Хулиганка | страница 17
В нашем оркестре были солисты — Владимир Макаров, Салли Таль, Лариса Мондрус. На последнем имени хочу остановиться особо.
Я была ей как кость в горле. У нее были очень красивые фигурка, ножки и грудь, которую она постоянно оголяла в грим-уборной. Я же на ее фоне выглядела тогда гадким утенком. Ей было 23 года, а мне исполнилось 17. Газеты то и дело на первых полосах писали о самой юной, а потом уже о ней, и, конечно, кому бы это понравилось?! Знаменитый Ремарк писал в одной из своих книг: «Еврейской национальности всегда свойственно было оправдывать своего врага».
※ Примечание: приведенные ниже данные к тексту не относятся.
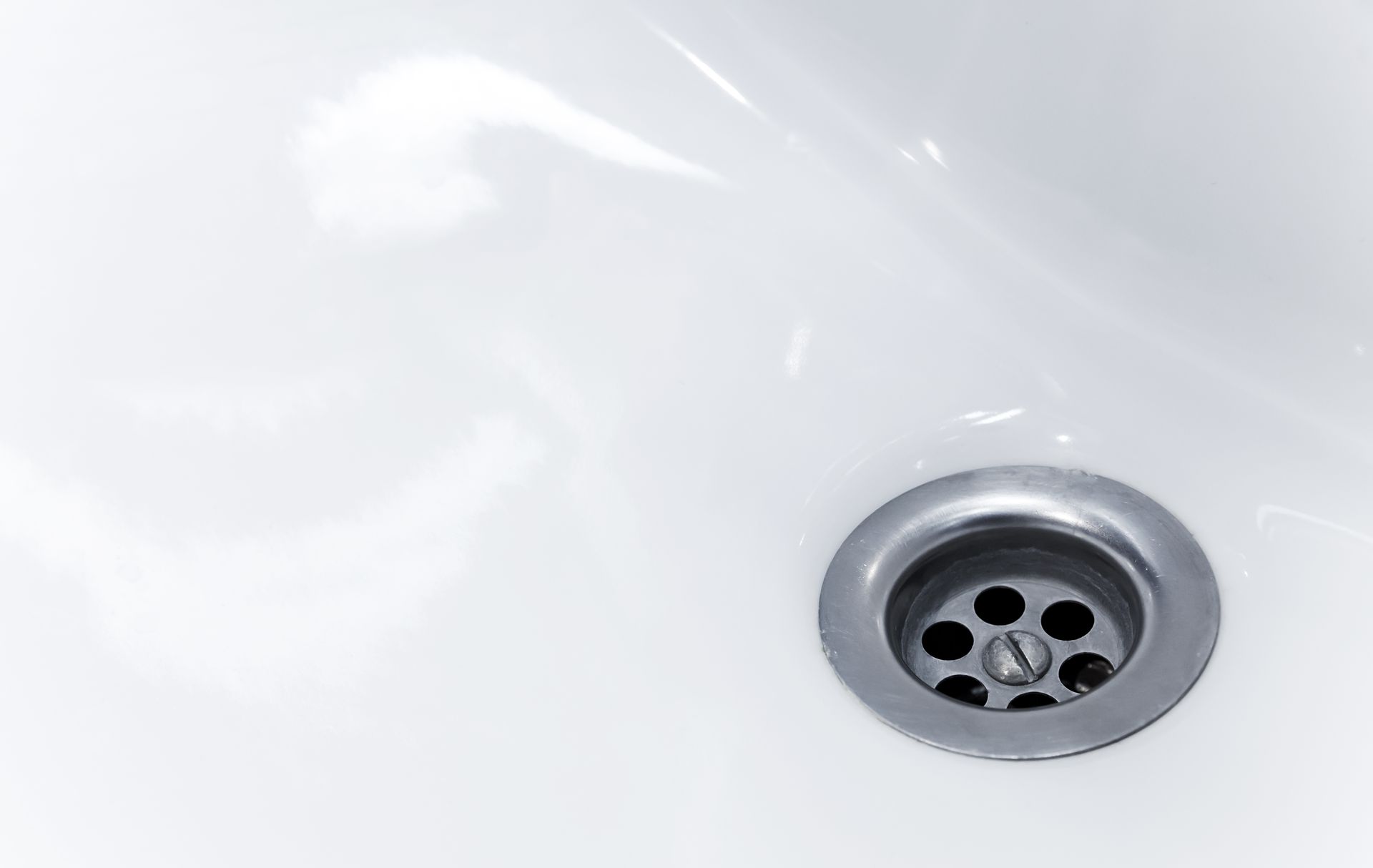 Close-up of a white sink with a circular, metal drain.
Она в открытую смеялась надо мной, говоря, например, так: «У тебя вообще нет фигуры и шеи тоже нет. Голова и плечи. А лицо вообще непонятно какое, иди-ка отсюда, пока я тебе…» И кулаком мне! Нередко я уходила в слезах, а тетя Лиза, костюмерша, которая была прикреплена ко мне для присмотра, всегда меня успокаивала и жалела. Владимир Макаров как-то мне сказал: «Сколько можно быть ребенком, тебе не надоело еще?» И только Салли Таль, солистка и жена бывшего гроссмейстера Михаила Таля, была очень добра ко мне.
Это были первые удары закулисной эстрадной борьбы и жизни, которой я даже и не могла себе представить, и первые разочарования. Шло время. Я росла и потихоньку приобретала некоторый сценический опыт. Стала серьезно готовиться к вечернему выступлению, в чем дядя Эдди мне много помогал, порой часами занимаясь со мной, показывая, куда я должна смотреть, как ходить по сцене и т. п. Однажды летом мы приехали на гастроли в город Херсон, где после концерта к нам за кулисы пришли артисты коллектива и сам Бен Бенцианов, который долго расхваливал меня Рознеру. К тому времени мне было семнадцать с половиной и я потихоньку начала превращаться из гадкого утенка в хорошенькую девушку. Ребята стали на меня засматриваться, а когда узнавали, что я еще и певица, отбоя не было!
В коллективе Бен Бенцианова был музыкант басист Виктор Понаровский. Вначале он повел себя по отношению ко мне по-родительски тепло, показал чудную песню на итальянском языке, хотел, чтобы я ее пела со своим оркестром, а потом признался в любви. Он был очень красив, умен и, понимая, что я для него совсем ребенок, боялся меня даже поцеловать, повторяя: «Как жаль, что тебе 17, а мне 37». Я получала от него много писем, в которых он писал мне о своих чувствах. Это были красивые письма, я их долго хранила у себя дома, не понимая толком, почему и зачем?